Honestly, I thought we had this under control. Three months ago, we were ready to launch a re-engagement campaign for dormant users. Template written, audience segmented, BSP configured. And then Meta rejected it. No reason. Just 'rejected'.
We rewrote it. Rejected again. The next few weeks were a cycle of guessing, rewriting, and waiting two days per submission just to hit the same wall.
Here's what nobody tells you upfront:
'Promotional' triggers are invisible - words like 'offer', 'exclusive', 'limited' aren't blacklisted, but patterns around them are. The same sentence with a different structure gets approved.
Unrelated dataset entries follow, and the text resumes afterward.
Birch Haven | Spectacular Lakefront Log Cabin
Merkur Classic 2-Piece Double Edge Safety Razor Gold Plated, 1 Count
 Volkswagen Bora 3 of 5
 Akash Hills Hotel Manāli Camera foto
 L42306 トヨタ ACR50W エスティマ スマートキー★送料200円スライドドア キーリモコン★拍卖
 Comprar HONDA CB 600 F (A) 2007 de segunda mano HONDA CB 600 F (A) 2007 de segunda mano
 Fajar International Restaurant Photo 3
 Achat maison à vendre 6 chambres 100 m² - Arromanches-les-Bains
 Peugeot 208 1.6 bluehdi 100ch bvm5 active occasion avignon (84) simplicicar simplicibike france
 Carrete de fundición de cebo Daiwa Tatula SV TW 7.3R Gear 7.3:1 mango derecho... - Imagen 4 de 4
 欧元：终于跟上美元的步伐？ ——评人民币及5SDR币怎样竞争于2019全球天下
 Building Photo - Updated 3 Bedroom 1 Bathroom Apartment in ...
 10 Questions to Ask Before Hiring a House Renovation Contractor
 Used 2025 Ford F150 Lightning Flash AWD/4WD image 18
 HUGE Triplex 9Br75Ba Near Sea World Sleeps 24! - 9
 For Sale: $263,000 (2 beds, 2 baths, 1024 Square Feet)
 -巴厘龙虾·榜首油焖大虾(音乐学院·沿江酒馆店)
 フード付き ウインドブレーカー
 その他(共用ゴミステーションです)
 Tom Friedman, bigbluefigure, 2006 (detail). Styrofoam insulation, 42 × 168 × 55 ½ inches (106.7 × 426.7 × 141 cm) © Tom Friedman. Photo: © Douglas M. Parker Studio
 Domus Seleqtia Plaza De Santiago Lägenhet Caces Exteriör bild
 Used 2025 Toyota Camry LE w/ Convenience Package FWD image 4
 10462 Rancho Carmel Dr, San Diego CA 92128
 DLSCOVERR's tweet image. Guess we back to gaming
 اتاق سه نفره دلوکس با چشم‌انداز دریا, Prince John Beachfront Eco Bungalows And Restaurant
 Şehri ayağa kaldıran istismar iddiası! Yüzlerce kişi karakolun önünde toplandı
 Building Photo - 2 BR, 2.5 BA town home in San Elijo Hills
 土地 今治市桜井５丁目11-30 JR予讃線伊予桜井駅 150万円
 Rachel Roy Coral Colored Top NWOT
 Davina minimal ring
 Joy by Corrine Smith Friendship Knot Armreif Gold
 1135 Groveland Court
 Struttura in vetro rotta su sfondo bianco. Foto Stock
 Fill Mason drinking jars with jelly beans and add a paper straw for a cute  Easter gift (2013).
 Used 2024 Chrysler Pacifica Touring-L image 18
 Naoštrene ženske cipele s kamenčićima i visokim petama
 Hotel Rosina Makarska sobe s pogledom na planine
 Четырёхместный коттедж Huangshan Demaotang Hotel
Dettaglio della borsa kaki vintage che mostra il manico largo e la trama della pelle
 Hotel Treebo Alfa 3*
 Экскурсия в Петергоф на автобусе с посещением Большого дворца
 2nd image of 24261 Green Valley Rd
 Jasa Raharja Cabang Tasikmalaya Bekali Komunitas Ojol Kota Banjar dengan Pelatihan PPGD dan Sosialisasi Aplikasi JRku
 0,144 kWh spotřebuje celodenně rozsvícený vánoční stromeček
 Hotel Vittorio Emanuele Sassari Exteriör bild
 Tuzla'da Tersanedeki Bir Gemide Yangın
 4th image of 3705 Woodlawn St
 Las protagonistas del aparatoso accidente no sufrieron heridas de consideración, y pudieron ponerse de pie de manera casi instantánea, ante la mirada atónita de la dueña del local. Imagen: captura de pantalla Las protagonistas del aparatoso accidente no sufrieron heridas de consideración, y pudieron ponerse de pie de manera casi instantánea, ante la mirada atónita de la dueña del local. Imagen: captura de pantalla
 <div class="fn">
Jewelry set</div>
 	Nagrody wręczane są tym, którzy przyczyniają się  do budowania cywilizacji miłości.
Variable abuse kills templates - we had {{1}} in places Meta apparently flags as high-risk for spam. Too many variables in the CTA section was the issue.
Category mismatch is silent death - we submitted a marketing template under 'utility' thinking it'd get approved faster. Nope. And it poisoned the review queue for our next submission.
What finally worked: stripping the template down to the plainest possible version first, getting approval, then iterating in separate submissions. Lost three weeks of the campaign window because we tried to launch with the final version.
A colleague mentioned that the teams they've seen breeze through approvals keep templates boring on purpose - plain language, no urgency framing, minimal variables. Almost underwhelming to read. And apparently Meta released clearer guidelines recently, so following those helps.
What's the dumbest rejection reason you've run into? And has anyone found a pattern for first-time approvals?